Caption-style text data
• • •

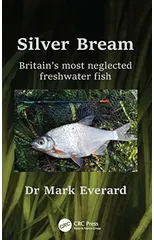 Silver Bream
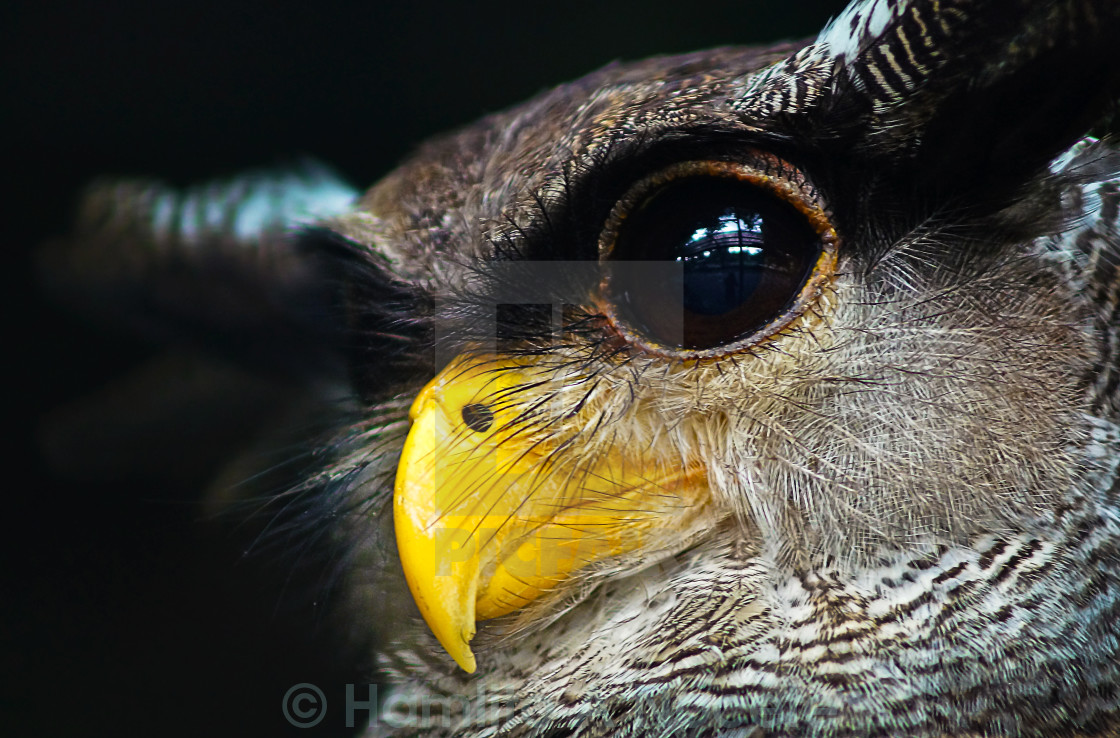 "look at my eyes...it's Biiig.." stock image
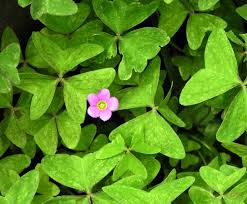 Image result for Oxalidaceae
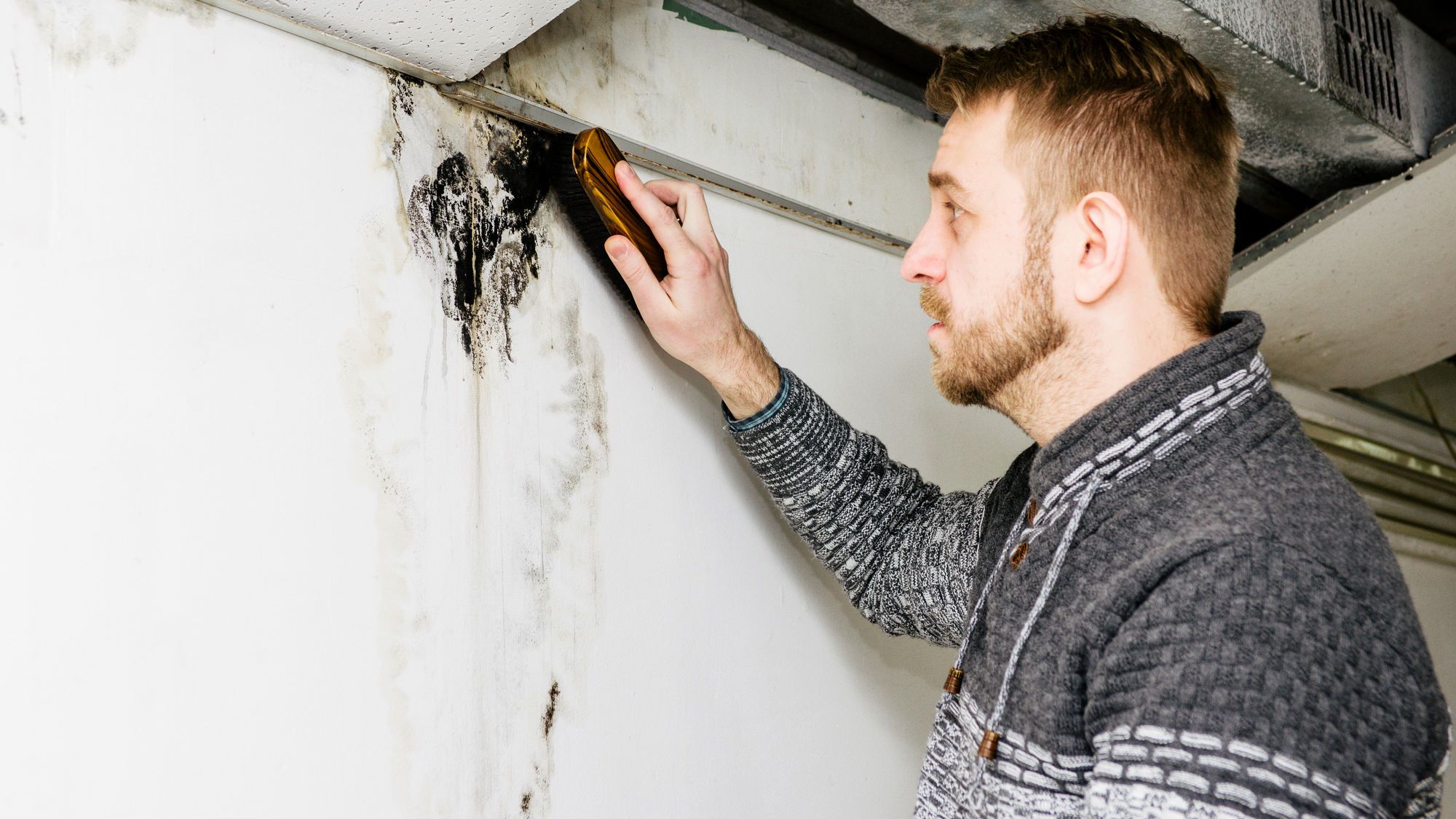 A man scrubs a patch of mold on a wall.
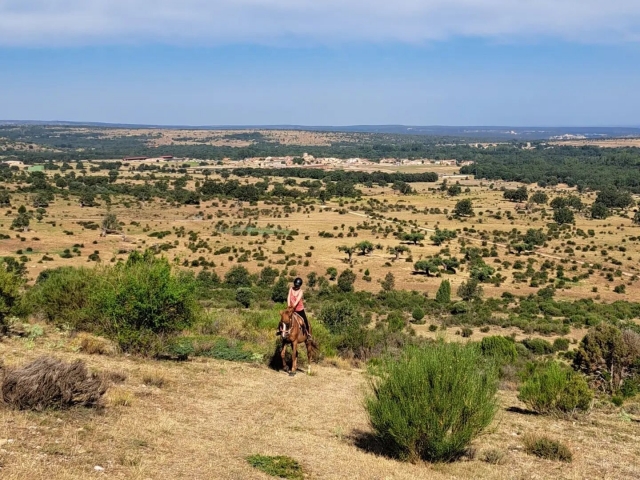 Cabalgamarra y clase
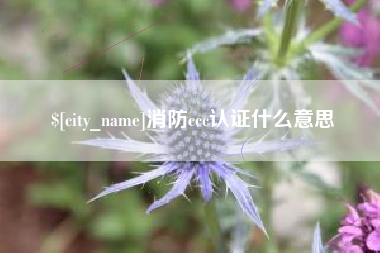 保定消防ccc认证什么意思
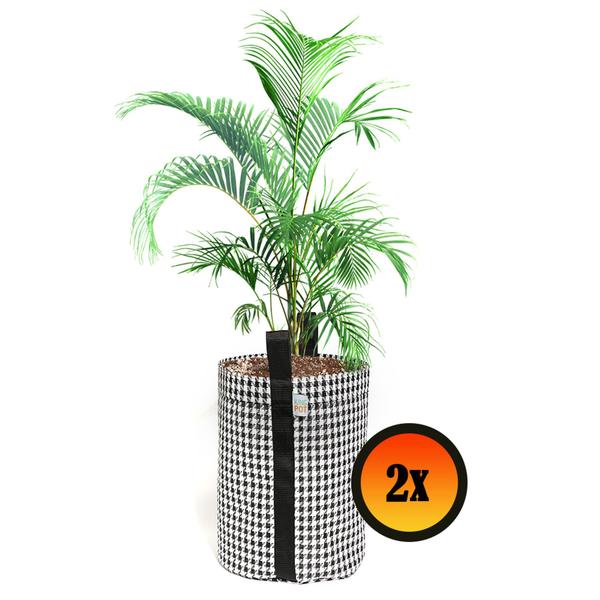 Imagem de 2 Vasos Plantas Frutíferas Decoração 30 Litros Tela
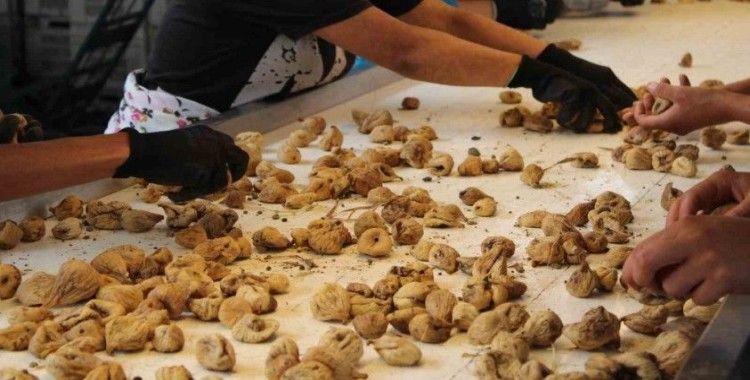 Kuru incir ihracatı 2 ayda 89 milyon dolar oldu
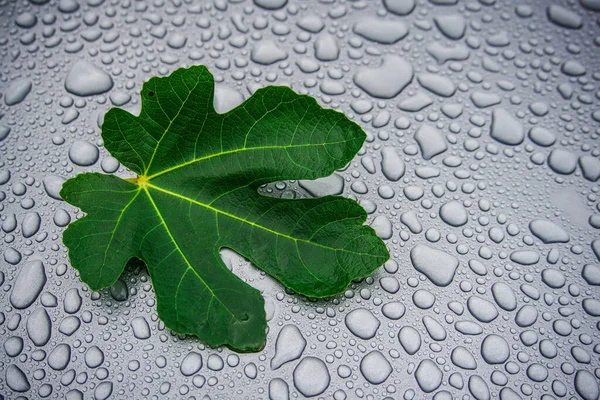 Hoja Higo Sobre Fondo Gotas Agua — Foto de Stock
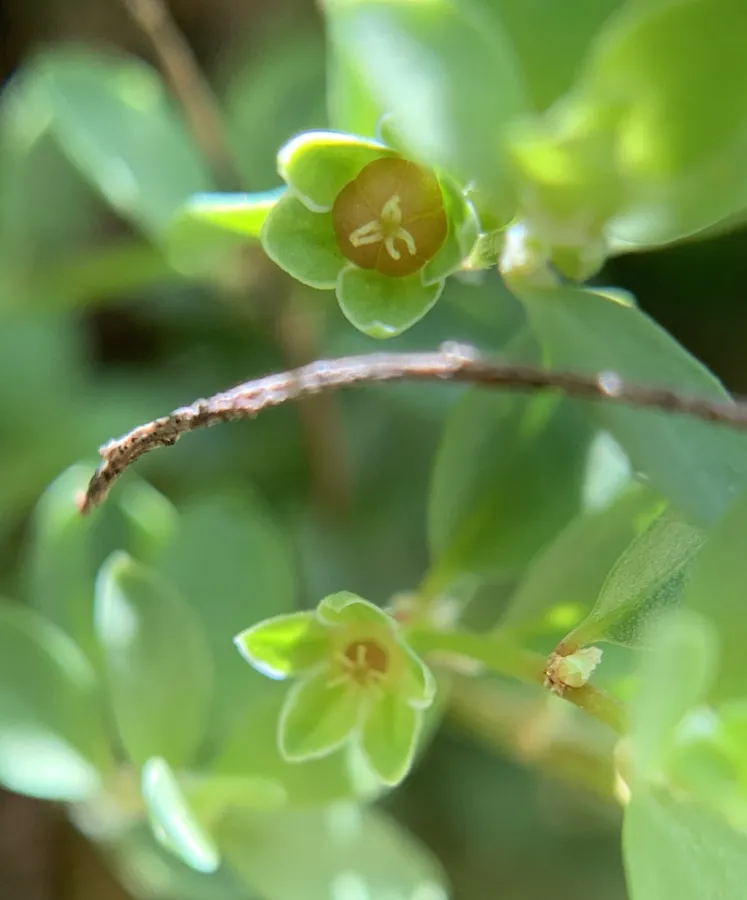 Andrachne telephioides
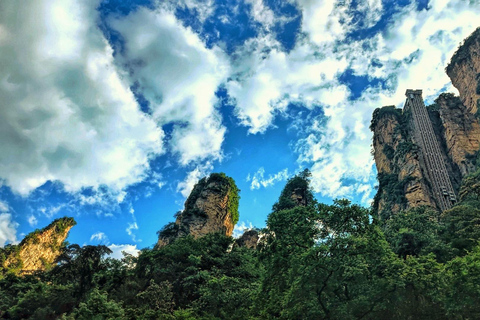 Zhangjiajie National Park-Mt.Avatar Landing Tour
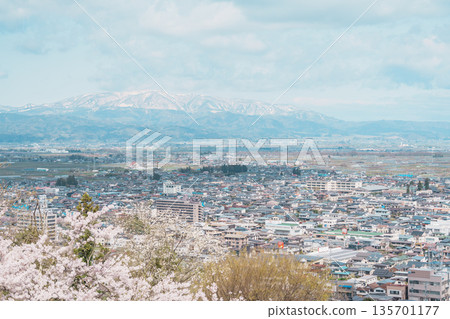 Tendo city with Sakura Cherry Blossom and snow mountain in Spring season, view from Tendo Park or Maizuru Park. Yamagata prefecture, Tohoku, Japan, 21 April 2025 135701177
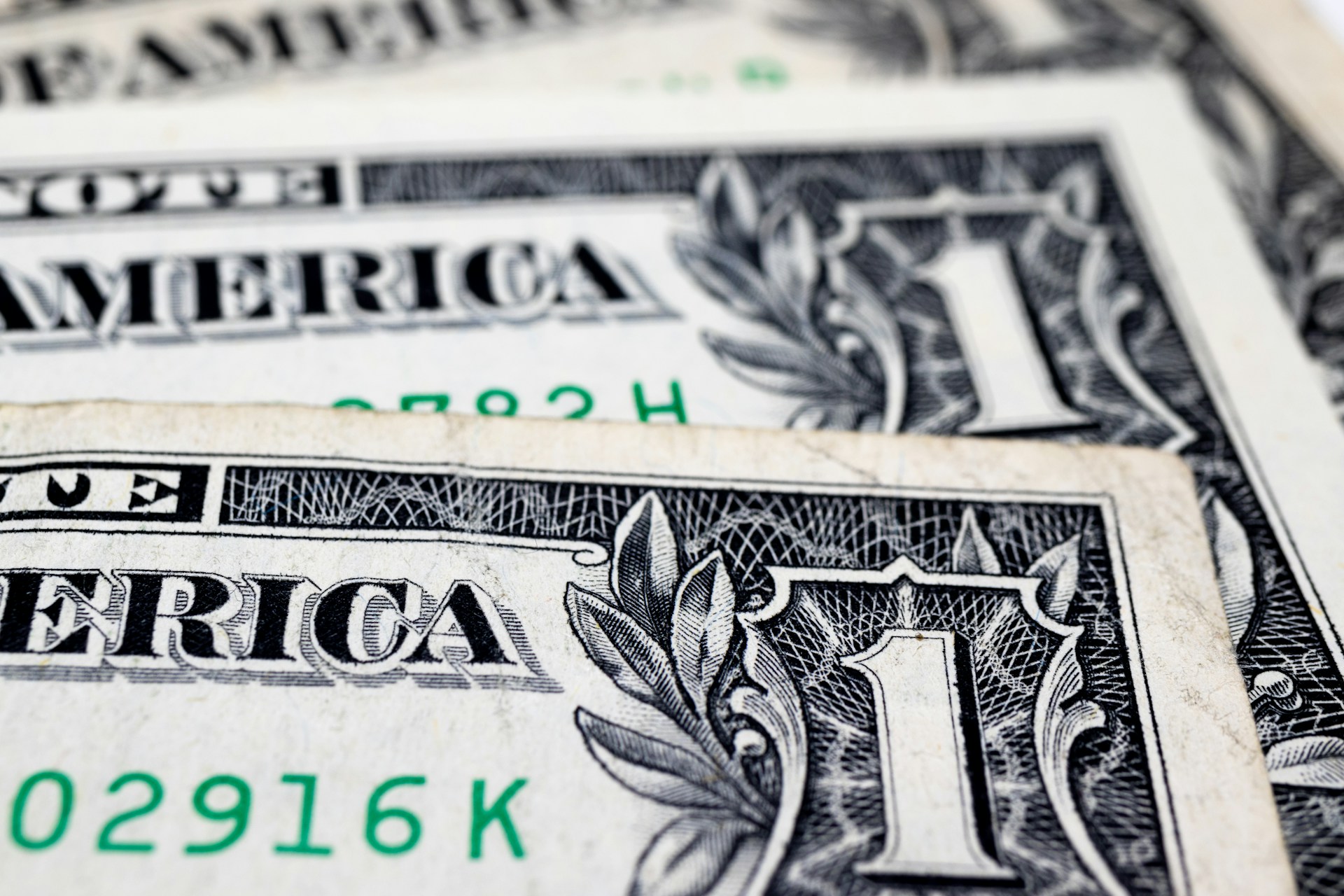 Nahaufnahme von Dollarscheinen | Quelle: Unsplash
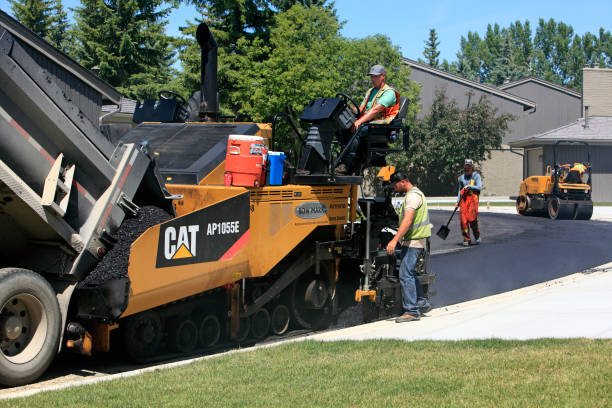 Best Professional Driveway Pavers  in Mounds View, MN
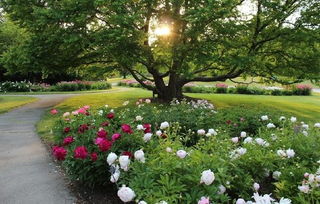 打造特色， 市场优势明显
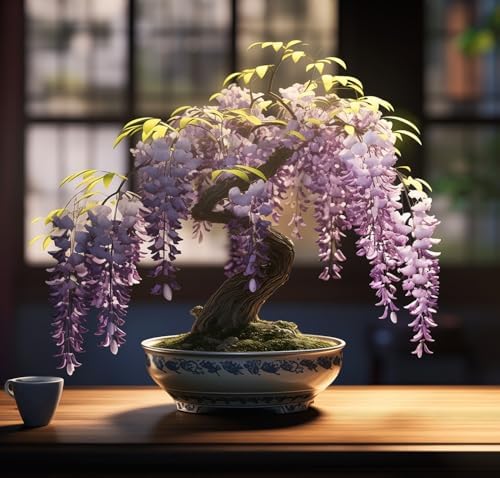 Weeping Wisteria Bonsai Tree Seeds for Planting – 10 Seeds | Cascading Purple Blooms | Outdoor Flowering Bonsai | Fast-Growing Vine Tree for Pots, Patios & Gardens by CZGrain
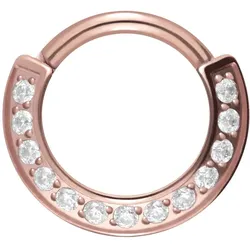Titan Segmentring Clicker 13 KRISTALLE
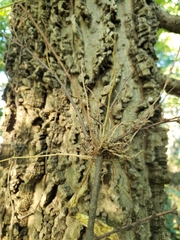 Podosphaera phytoptophila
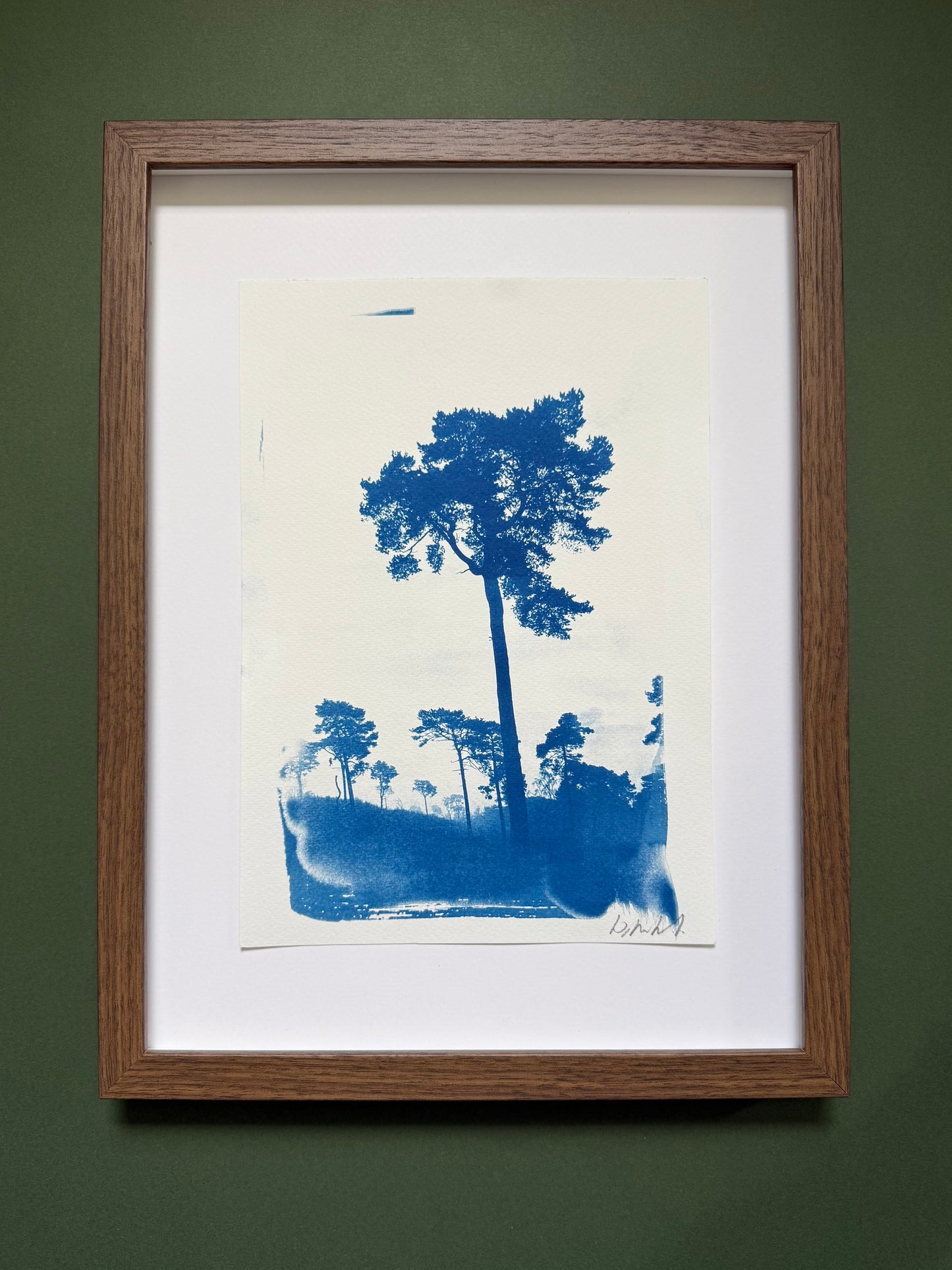 A4 Lickey Pines cyanotype displayed with a white mount in a dark wooden frame.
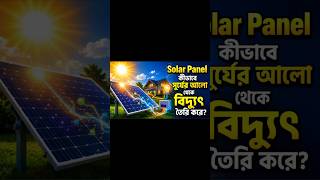 Solar Panel কীভাবে সূর্যের আলো থেকে বিদ্যুৎ তৈরি করে | Solar Panels #didyouknow #science #how #solar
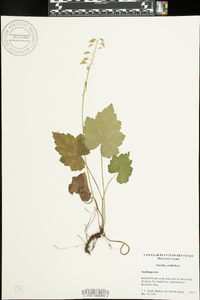 Tiarella cordifolia image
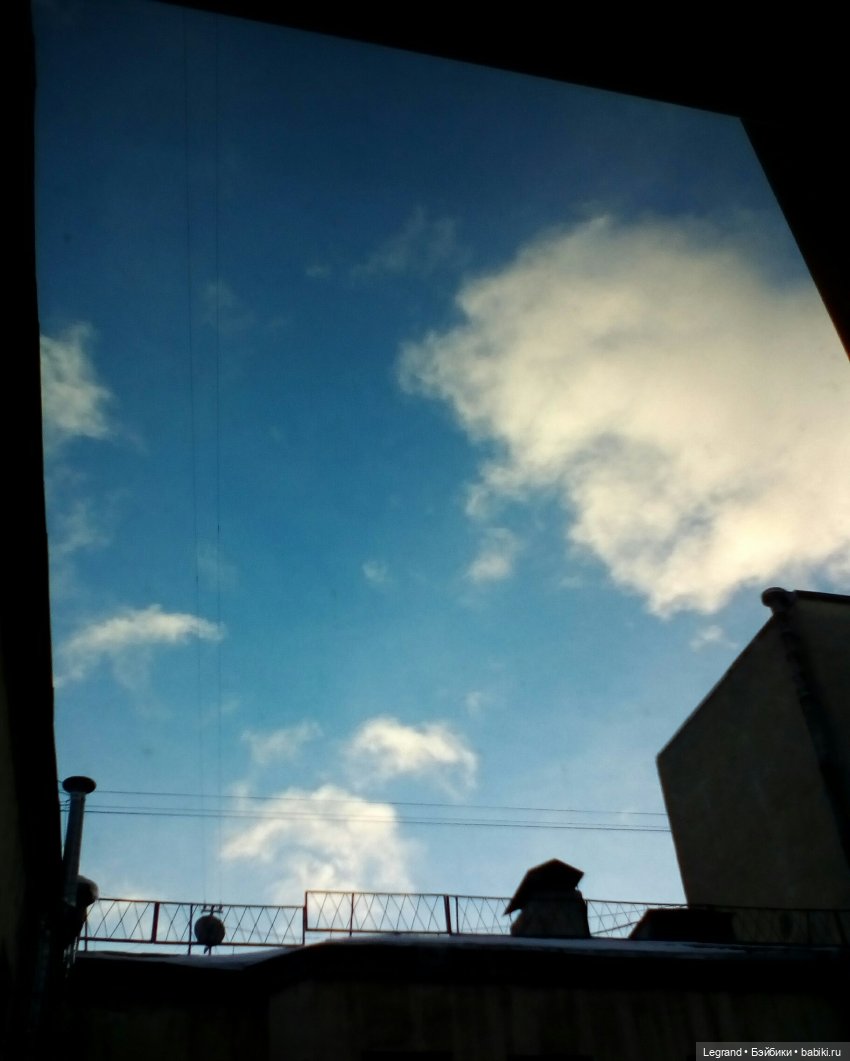 Елена Николаевна, большой Зай и несколько слов о Петербурге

• • •

- About this task -
The records above should be repeated exactly, with no pictures in the copy.

- Response below -
 Silver Bream
 "look at my eyes...it's Biiig.." stock image
 Image result for Oxalidaceae
 A man scrubs a patch of mold on a wall.
 Cabalgamarra y clase
 保定消防ccc认证什么意思
 Imagem de 2 Vasos Plantas Frutíferas Decoração 30 Litros Tela
 Kuru incir ihracatı 2 ayda 89 milyon dolar oldu
 Hoja Higo Sobre Fondo Gotas Agua — Foto de Stock
 Andrachne telephioides
 Zhangjiajie National Park-Mt.Avatar Landing Tour
 Tendo city with Sakura Cherry Blossom and snow mountain in Spring season, view from Tendo Park or Maizuru Park. Yamagata prefecture, Tohoku, Japan, 21 April 2025 135701177
 Nahaufnahme von Dollarscheinen | Quelle: Unsplash
 Best Professional Driveway Pavers  in Mounds View, MN
 打造特色， 市场优势明显
 Weeping Wisteria Bonsai Tree Seeds for Planting – 10 Seeds | Cascading Purple Blooms | Outdoor Flowering Bonsai | Fast-Growing Vine Tree for Pots, Patios & Gardens by CZGrain
Titan Segmentring Clicker 13 KRISTALLE
 Podosphaera phytoptophila
 A4 Lickey Pines cyanotype displayed with a white mount in a dark wooden frame.
 Solar Panel কীভাবে সূর্যের আলো থেকে বিদ্যুৎ তৈরি করে | Solar Panels #didyouknow #science #how #solar
 Tiarella cordifolia image
 Елена Николаевна, большой Зай и несколько слов о Петербурге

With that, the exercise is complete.